- **Working data**
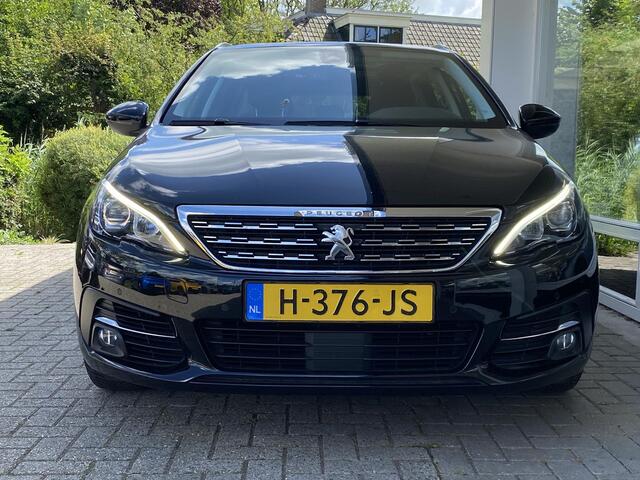 Peugeot 308 SW 1.2T 130pk Blue Lease Premium | Adaptieve Cruise Control | Trekhaak | Achteruitrijcamera | Navigatie | Panoramadak | Facelift model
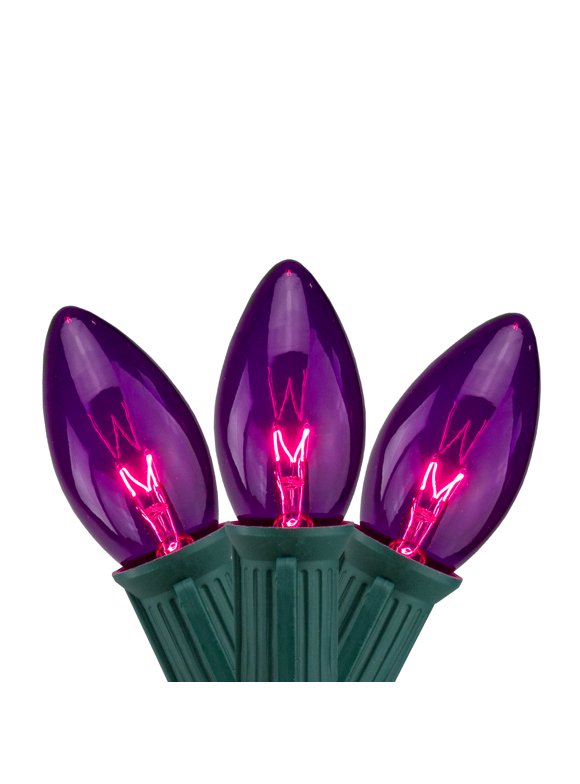 C9 Christmas Lights in Christmas Lights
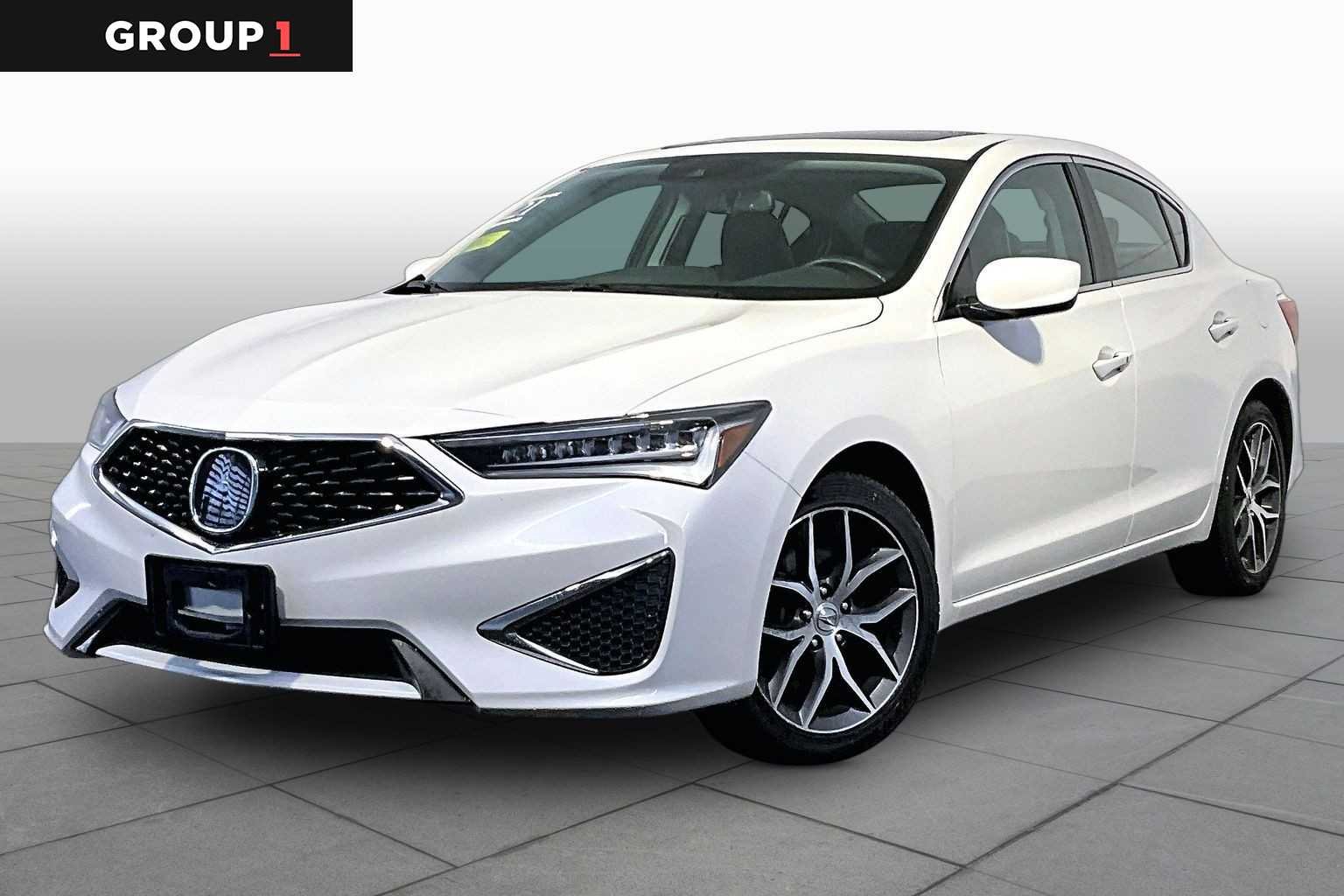 2021 Acura ILX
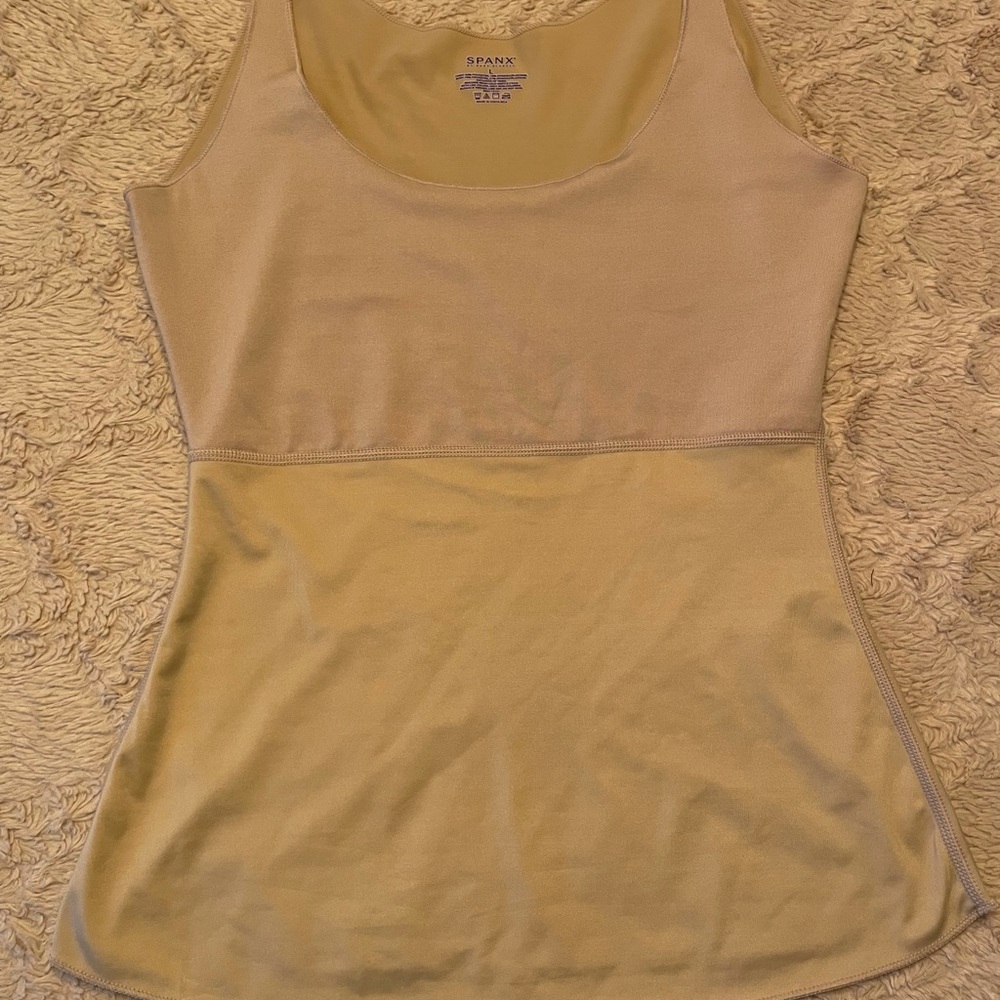 Spanx Control Top Size Large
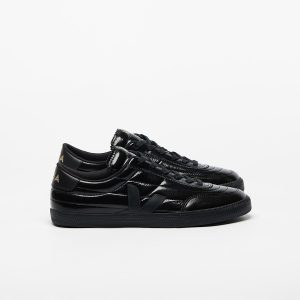 PANENKA PATENT LEATHER BLACK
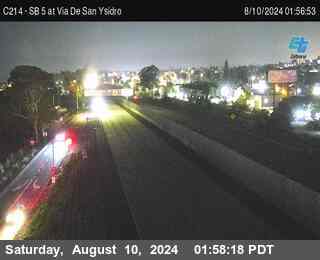 SB 5 at Via De San Ysidro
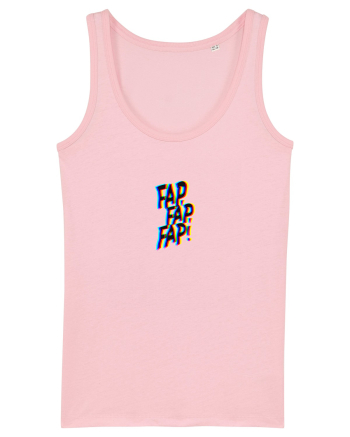 fap, fap, fap! Cotton Pink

- **Work required**
From the line containing "PANENKA PATENT LEATHER BLACK" through the end of the entries, quote each line exactly and nothing else, excluding all pictures.

- **Reply to the exercise**
 PANENKA PATENT LEATHER BLACK
 SB 5 at Via De San Ysidro
 fap, fap, fap! Cotton Pink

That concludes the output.